All of our offices are business as usual. We are taking things day by day as we cannot control any possible state or local mandatory closures or restrictions (to date there are none).

In an effort to limit social/physical interaction we have gone to a reduced staffing shift plan. Capes will send all employees home leaving two employees per department in office to answer phones and handle direct clerical duties that requires handling of material in office. All other staff telework from their homes.

After two days the two employees in the office will be sent home to commence telework, and two previously teleworking employees (per department) will be called in to work from the office.

We have suspended all international and domestic travel. Interoffice travel (office to office) is permitted on as needed basis (with approval from a director or higher). Any employee already on travel when the suspension took force is required to telework for no less than 7 days.

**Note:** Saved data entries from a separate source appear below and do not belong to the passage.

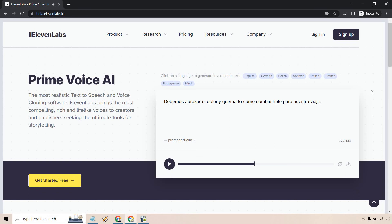So that's going to be 11 Labs in a nutshell. It's pretty much text to speech and voice cloning software. You can do a lot of cool things with it. And it's very high quality, as you can tell just from the small examples. So I hope that explains what 11 Labs is going to be all about.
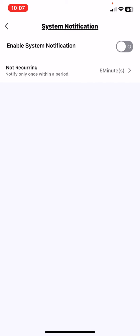In order to enable this, just click on the white circle next to it, and once it turns green, the system notifications are on.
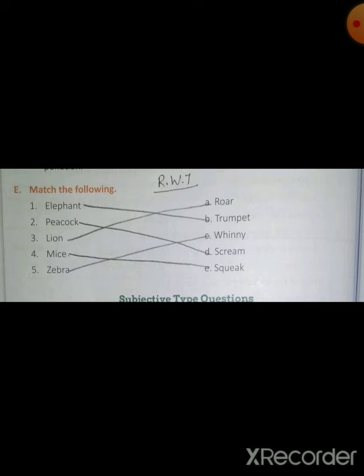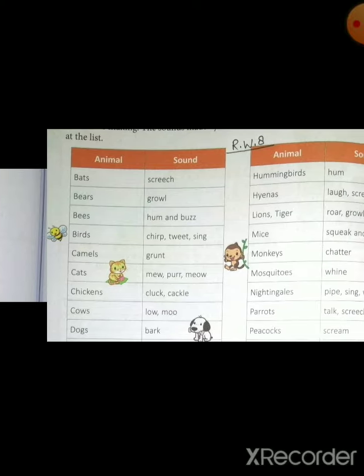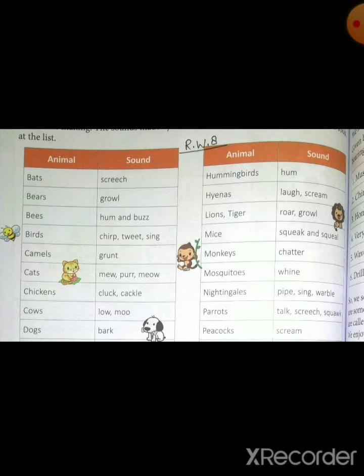Next is your revision 8. You will write the matching straight in your copy. Revision 8 is animals and their sounds. You have to write this as revision 8. You will send pictures in the WhatsApp group so that I can see your work.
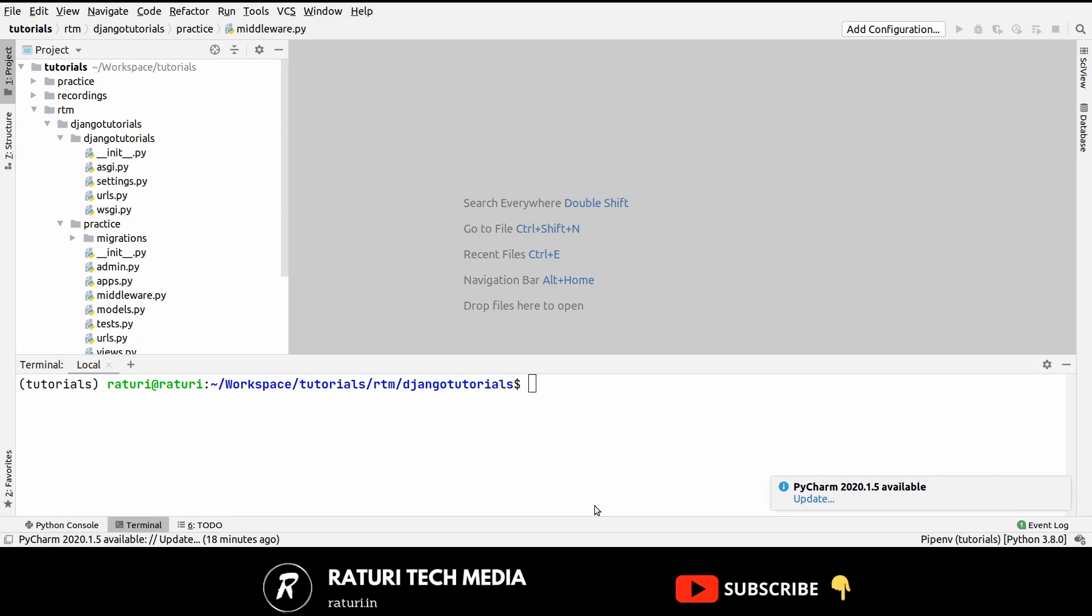Hello guys, welcome back to Razoritech Media. When you build a Python web application with the Django framework, you will at some point have to redirect user from one URL to another. The goal of this video is to make you familiar with the HTTP redirects and how to deal with them in Django.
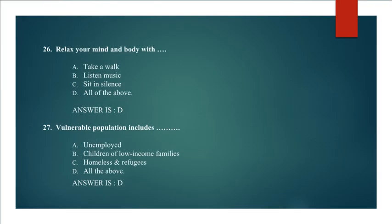Question 26: Relax your mind and body with take a walk, listen music, sit in silence, all of the above. Answer is D. All of the above.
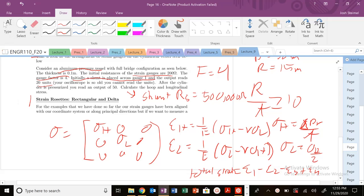Today we're going to talk about strain rosettes, rectangular and delta, and we're going to get into Mohr's circle in strain space. So hopefully everyone's excited.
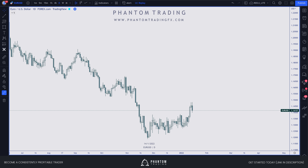Hey, what's up YouTube, this is Coldwater from Phantom Trading. In today's video we are going to be discussing the do's and don'ts of premium and discount. We're basically going to be covering how to use premium discount on the different time frames, and I'm going to try to show you guys the reason why most of you are probably using this tool wrong.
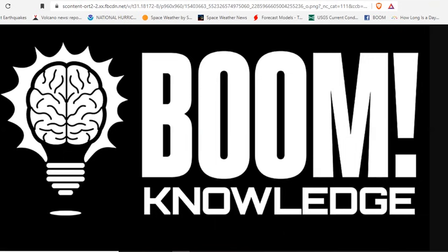Subscribe, share, comment, and become a Patreon. Respect.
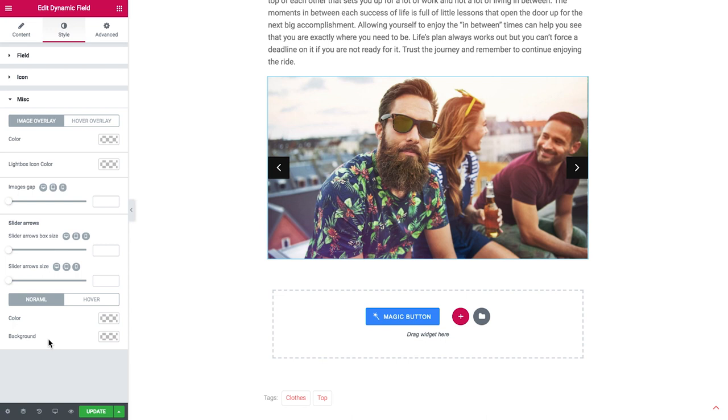So and that was pretty much it for the tutorial on creating the images slider with the help of JetEngine plugin for Elementor. I hope you found this tutorial useful.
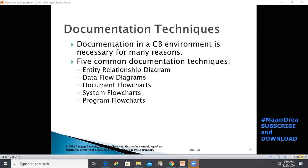Documentation in a computer-based environment is necessary for many reasons. As an auditor, you need to first know what kind of systems are in place and what internal controls they have. One of the procedures you'll do is to interview and look around the company or organization, then document all you see. The five common documentation techniques are: entity relationship diagrams, data flow diagrams, document flowcharts, system flowcharts, and program flowcharts.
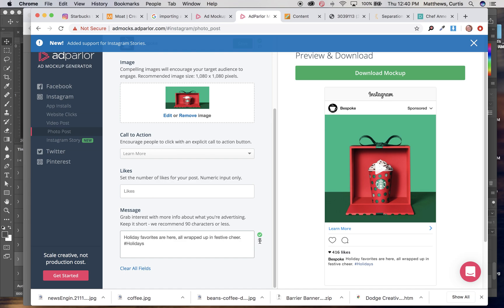Sometimes things that are 300 characters and longer work really well too. The worst thing is using a 91 to 299 character post. For some reason,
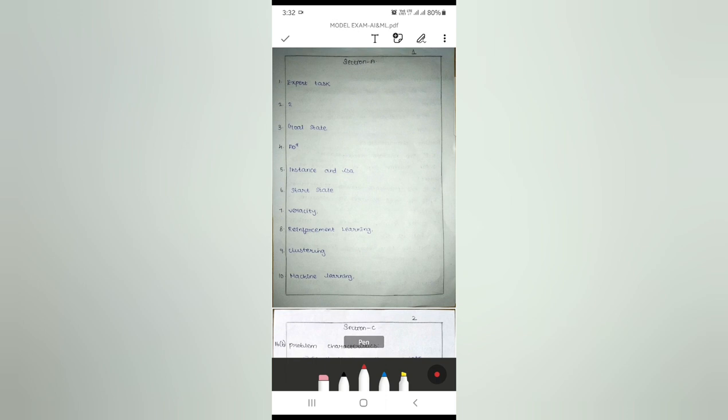I am using the second pen, which is red. The other pens are black or blue. For correction, I am choosing the red color and correcting the answers.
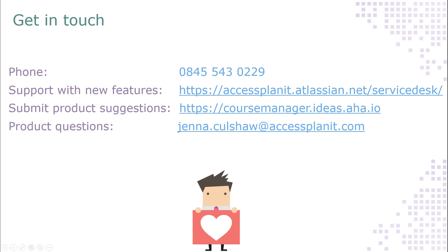That's it for this release. As always, thank you very much for watching. If you have any questions about the new features, please get in touch with our helpdesk team on 0845 543 0229 or via the helpdesk portal. If you have any thoughts on improvements, please submit these via the product suggestions portal. And if you have any questions about product development or our product roadmap, please get in touch with me.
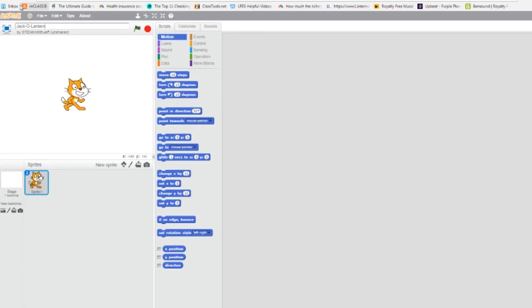So our project needs six sprites: the jack-o-lantern sprite and the five buttons. It does not need the cat, so I'm going to delete it. Right-click, delete.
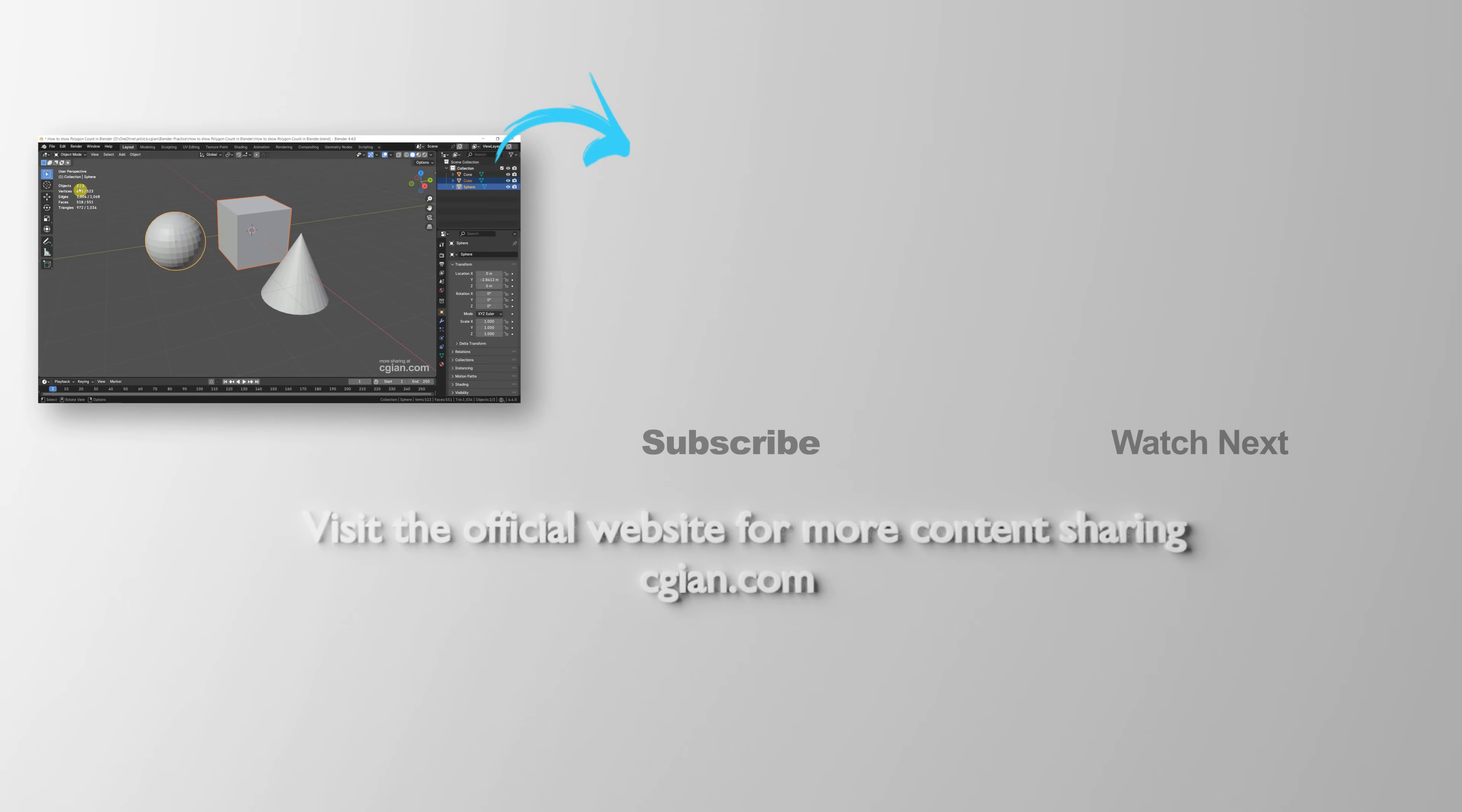So this is how we can show polygon count in Blender. Thank you for watching this video. Hope this helped. Please subscribe to this channel. More videos will be shared with you. I'm C.G. Yung. See you in the next video.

We have suspended all visitations from outside principals, vendors, customers, and/or VIPs. All curriers and agents (other than Capes) are held at the front desk, logged, and serviced at the front desk with no hand to hand contact.

All employees are required to report illness or symptoms associated with Cold, Flu, and/or Coronavirus-Covid19. Those employees will be placed on sick leave immediately and will be required to obtain a clean bill of health prior to returning to work.

Regardless of the latest Coronavirus concerns, our boarding agents are at greater risk of picking up germs and illness due to their normal duties of interacting with foreign arriving crew and vessels. Because of this, it is Capes’ general protocol that (regardless of this latest concern), boarding agents should avoid shaking hands with anyone, handling doorknobs, using hand rails (without gloves), eating (ship’s food), and/or using the restrooms while aboard a foreign arriving vessel.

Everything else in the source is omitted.